Collected data entries:
........
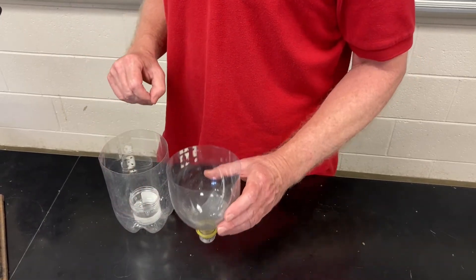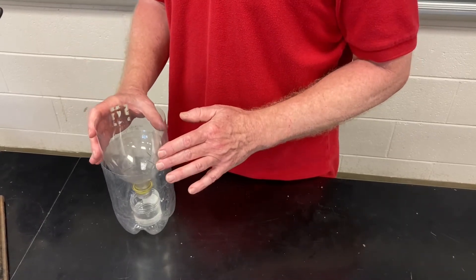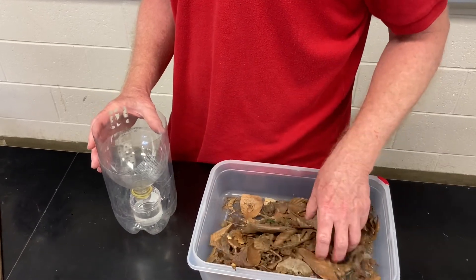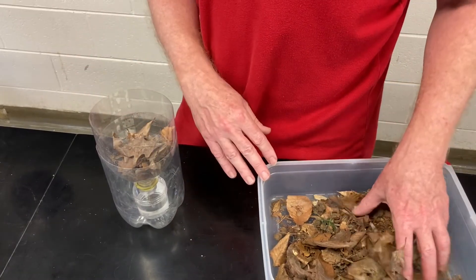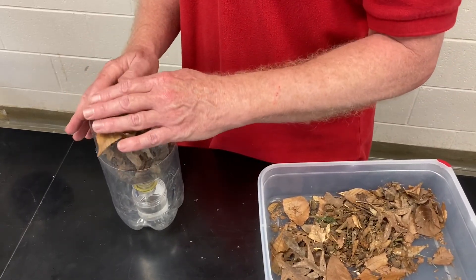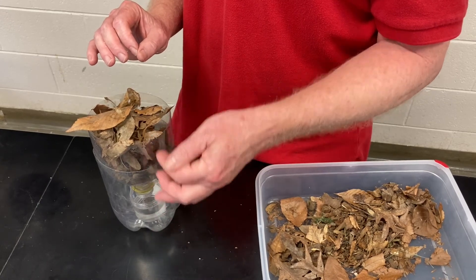I'm going to take this top part of the funnel and put it in here, and then I've collected some material. You want to carefully place it inside the funnel. You don't want to pack it too tightly because you want the small arthropods to be able to move freely up and down in this sample.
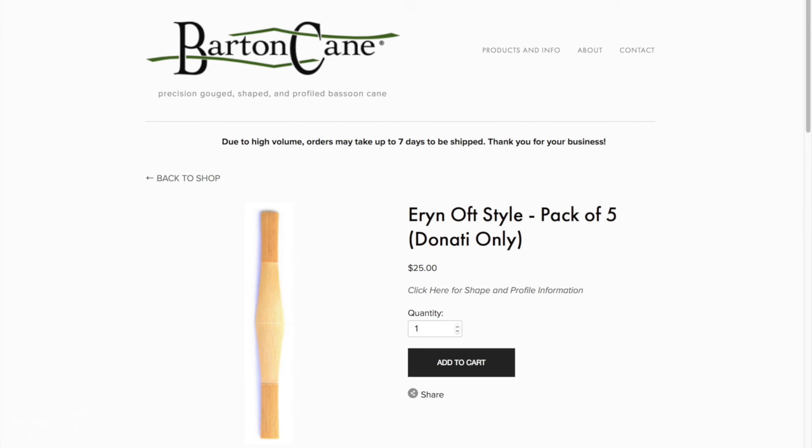If you saw my video last week on my new favorite style of gouge-shaped and profiled cane, you'll know that I had some specific requirements for how to order the cane, but it was only offered if you bought it in bulk — not anymore. I have worked with Barton Cane to create the Erin Oft style of cane, so that you can order it without being required to buy in bulk.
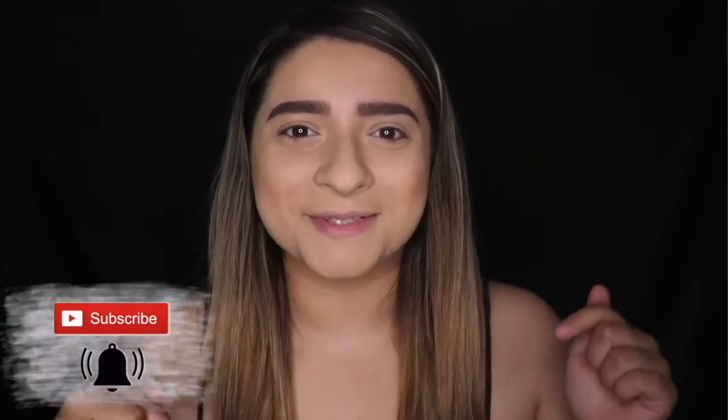Hey everyone, welcome back to V&A Crafts. My name is Essena and if you're new here, welcome. I invite you to be part of the craft fam by subscribing down below. Today I'm bringing you another scary Halloween makeup look and one that is not so scary. So let's go ahead and get started.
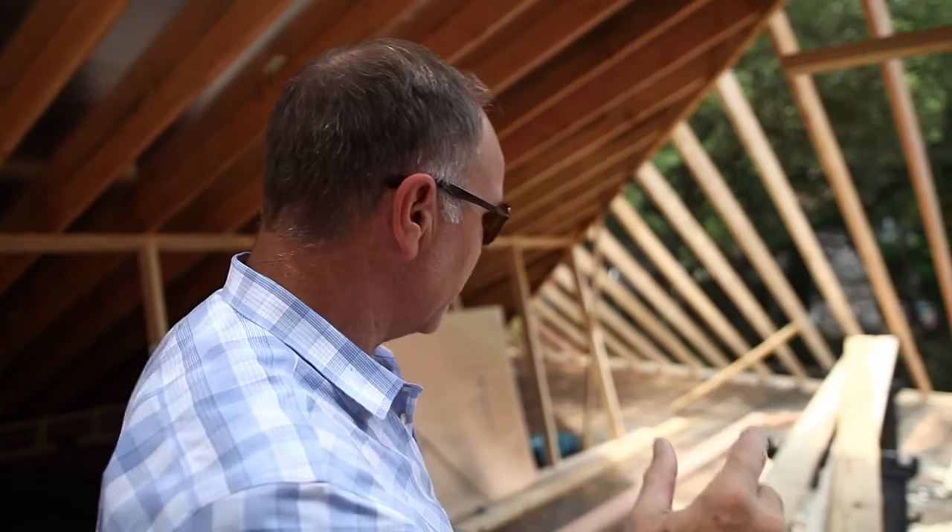Now over here, we've got to build this masonry chimney up. We've got to build it up past the new roof section, which is going to be right around here somewhere.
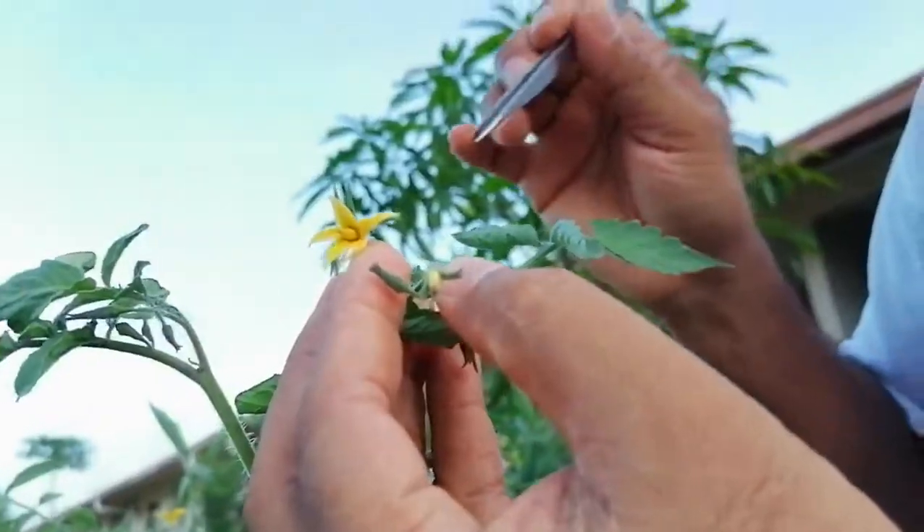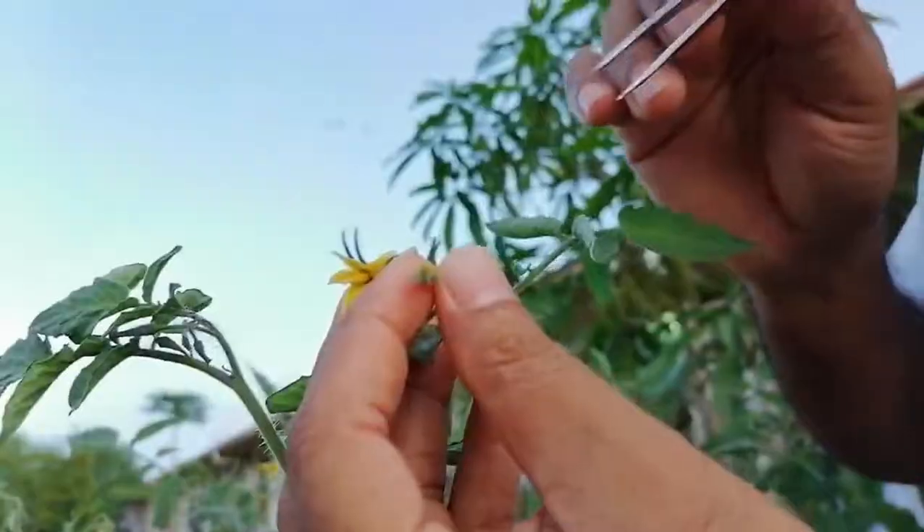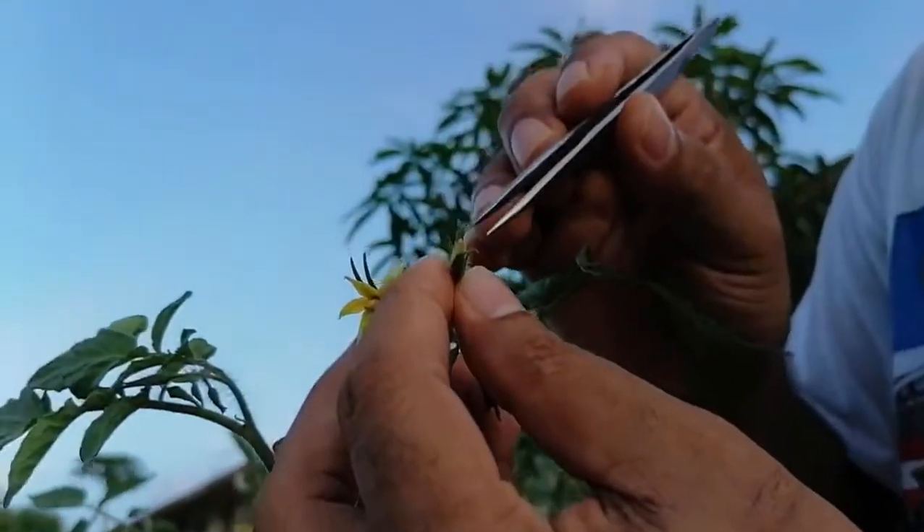We cannot use an already-opened flower. We have to use a flower like this that is not yet opened. Suppose today is about evening — before that we can do the emasculation, and tomorrow morning when we see many flowers already open, that is when we can pollinate.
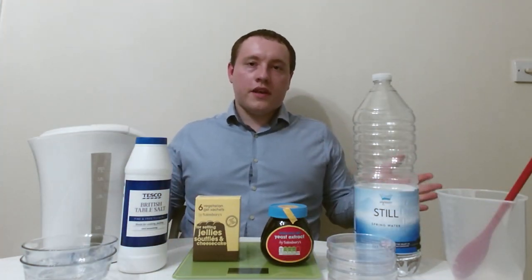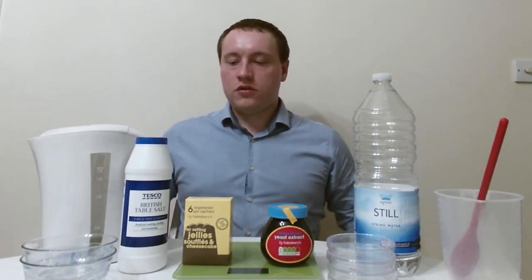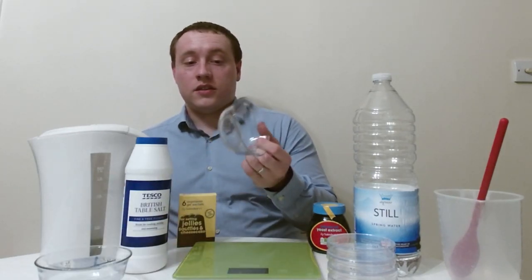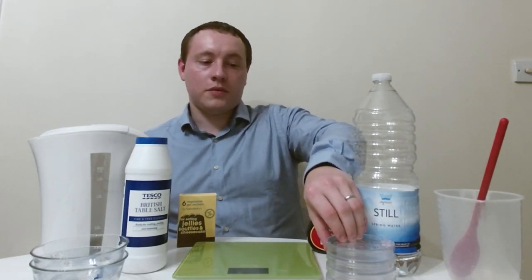I have in front of me here almost all of the things you'll require for making these plates. The main recipe will involve salt, yeast extract, and either gelatin or vegetarian gelatin depending on your preference. You need to dissolve all this in boiling water, so we've got a kettle and a bottle of water. You'll be mixing them all together in a jug using a spoon, and weighing the ingredients out on scales. If you have small dessert bowls you can use those to make the plates, but if you want the full experience you can get cheap plastic petri dishes off Amazon or eBay — I'll leave a link in the description. I'm not sponsored by any of the companies involved; they're just random ingredients bought from local supermarkets.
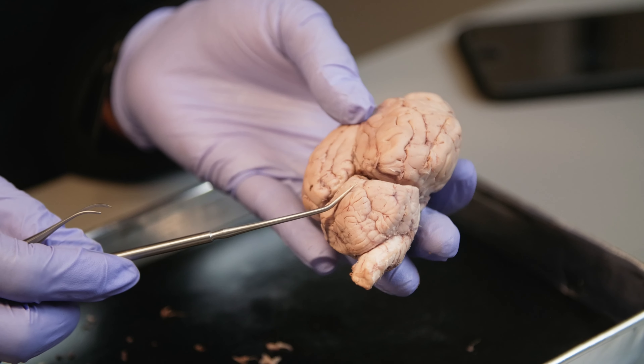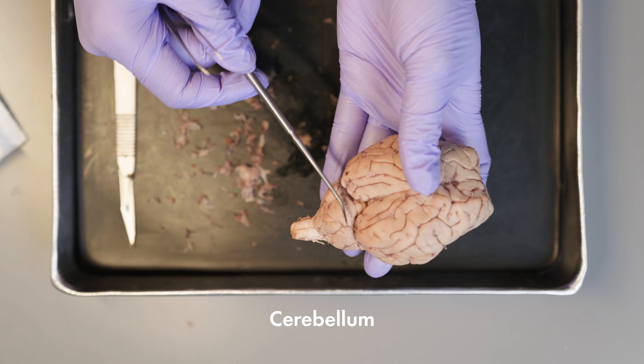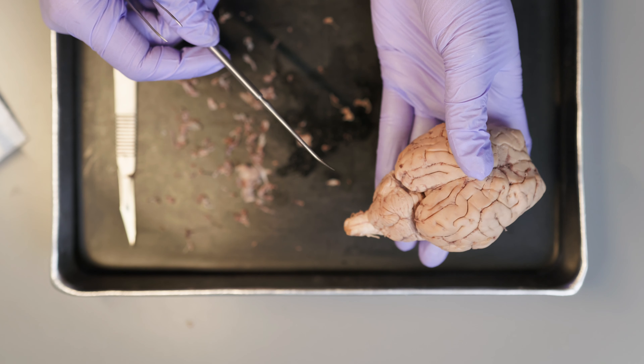Here we have the cerebellum, which is behind the occipital lobe of the cerebrum. The cerebellum controls balance and muscle coordination.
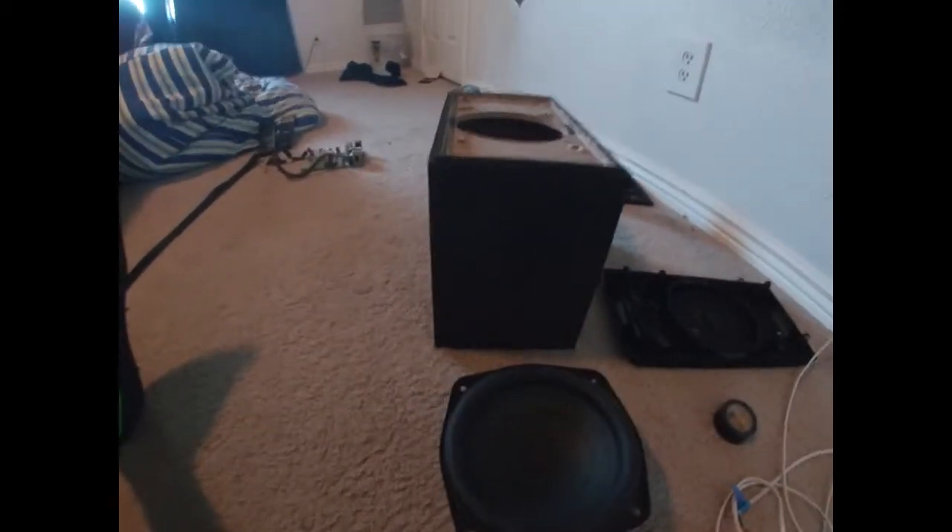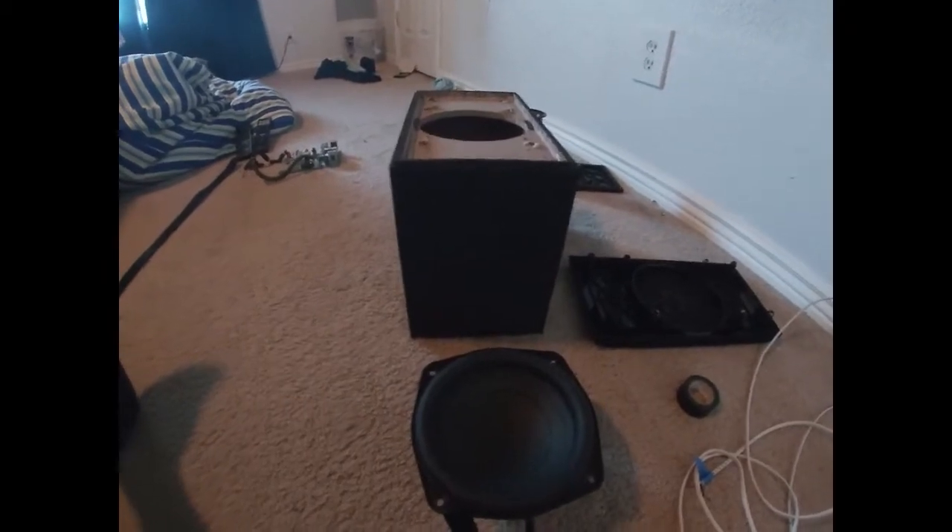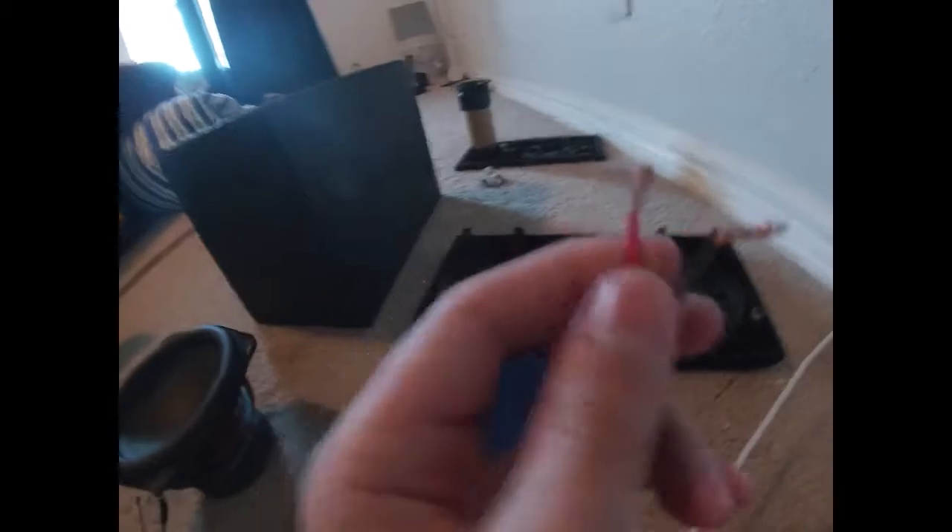Hey guys, today I'm going to be showing you how to turn a traditional subwoofer — one that needs to be paired with a soundbar — into one that just connects with these little speaker wire connectors. Anyway, let's get right into it.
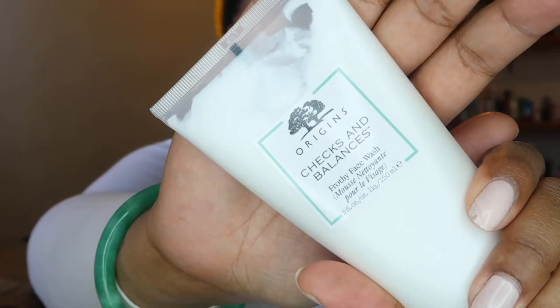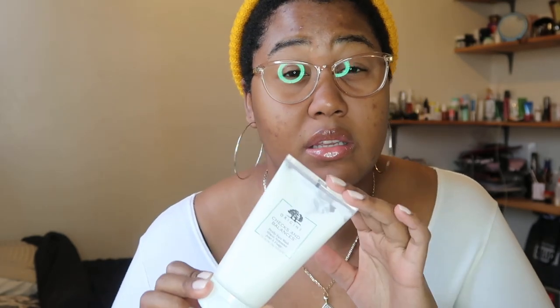The next thing I got is the Origins Checks and Balances. I went in during a week where I was just feeling stressed and I was shopping in the city. I passed by an Origins store and I was telling the lady about my skin, and she gave me a little mini facial and she used this on me and I loved it. I think it's very important to use a face wash, and this is honestly a really good price.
........
Work instructions:
With the pictures removed, return the data above word for word.

Exercise output:
I'm going to take this top part of the funnel and put it in here, and then I've collected some material. You want to carefully place it inside the funnel. You don't want to pack it too tightly because you want the small arthropods to be able to move freely up and down in this sample.
If you saw my video last week on my new favorite style of gouge-shaped and profiled cane, you'll know that I had some specific requirements for how to order the cane, but it was only offered if you bought it in bulk — not anymore. I have worked with Barton Cane to create the Erin Oft style of cane, so that you can order it without being required to buy in bulk.
Hey everyone, welcome back to V&A Crafts. My name is Essena and if you're new here, welcome. I invite you to be part of the craft fam by subscribing down below. Today I'm bringing you another scary Halloween makeup look and one that is not so scary. So let's go ahead and get started.
Now over here, we've got to build this masonry chimney up. We've got to build it up past the new roof section, which is going to be right around here somewhere.
We cannot use an already-opened flower. We have to use a flower like this that is not yet opened. Suppose today is about evening — before that we can do the emasculation, and tomorrow morning when we see many flowers already open, that is when we can pollinate.
I have in front of me here almost all of the things you'll require for making these plates. The main recipe will involve salt, yeast extract, and either gelatin or vegetarian gelatin depending on your preference. You need to dissolve all this in boiling water, so we've got a kettle and a bottle of water. You'll be mixing them all together in a jug using a spoon, and weighing the ingredients out on scales. If you have small dessert bowls you can use those to make the plates, but if you want the full experience you can get cheap plastic petri dishes off Amazon or eBay — I'll leave a link in the description. I'm not sponsored by any of the companies involved; they're just random ingredients bought from local supermarkets.
Here we have the cerebellum, which is behind the occipital lobe of the cerebrum. The cerebellum controls balance and muscle coordination.
Hey guys, today I'm going to be showing you how to turn a traditional subwoofer — one that needs to be paired with a soundbar — into one that just connects with these little speaker wire connectors. Anyway, let's get right into it.
The next thing I got is the Origins Checks and Balances. I went in during a week where I was just feeling stressed and I was shopping in the city. I passed by an Origins store and I was telling the lady about my skin, and she gave me a little mini facial and she used this on me and I loved it. I think it's very important to use a face wash, and this is honestly a really good price.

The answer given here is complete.